Auch für den Nutzen einer kombinierten Anreicherung von Produkten mit L. fermentum CECT 5716 und Galactooligosacchariden (GOS) – spezielle Zuckermoleküle, die das Wachstum nützlicher Bakterien fördern sollen – gibt es momentan keine hinreichenden wissenschaftlichen Belege. So hatten zum Beispiel Säuglinge, die mit entsprechender Säuglingsnahrung gefüttert wurden, einer Studie zufolge nicht seltener Durchfall als Säuglinge, die herkömmliche Säuglingsnahrung (ohne L. fermentum CECT5716 und GOS) erhielten, heißt es in der Mitteilung.
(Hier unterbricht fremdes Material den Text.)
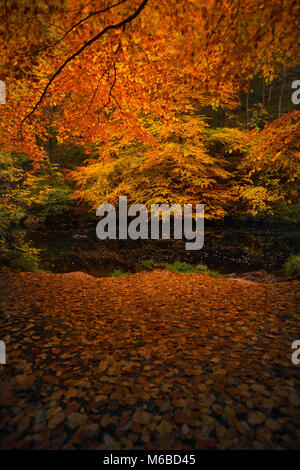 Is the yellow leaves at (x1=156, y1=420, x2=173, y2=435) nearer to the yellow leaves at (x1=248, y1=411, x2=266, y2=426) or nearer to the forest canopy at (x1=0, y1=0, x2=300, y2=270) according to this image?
the yellow leaves at (x1=248, y1=411, x2=266, y2=426)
Weiterhin bestehe über die Identität der Stämme der auf dem deutschen Markt in Säuglingsanfangs- und Folgenahrung eingesetzten Bifidobakterien-Mischung Unklarheit, so dass dafür keine abschließende Bewertung der Sicherheit und des möglichen Nutzens möglich sei.

Vor diesem Hintergrund bleibt das BfR bei der folgenden Einschätzung:  "Entsprechend angereicherte Säuglingsnahrungen sind für die Ernährung von gesunden Säuglingen nicht besser geeignet als herkömmliche Säuglingsanfangs- oder Folgenahrung."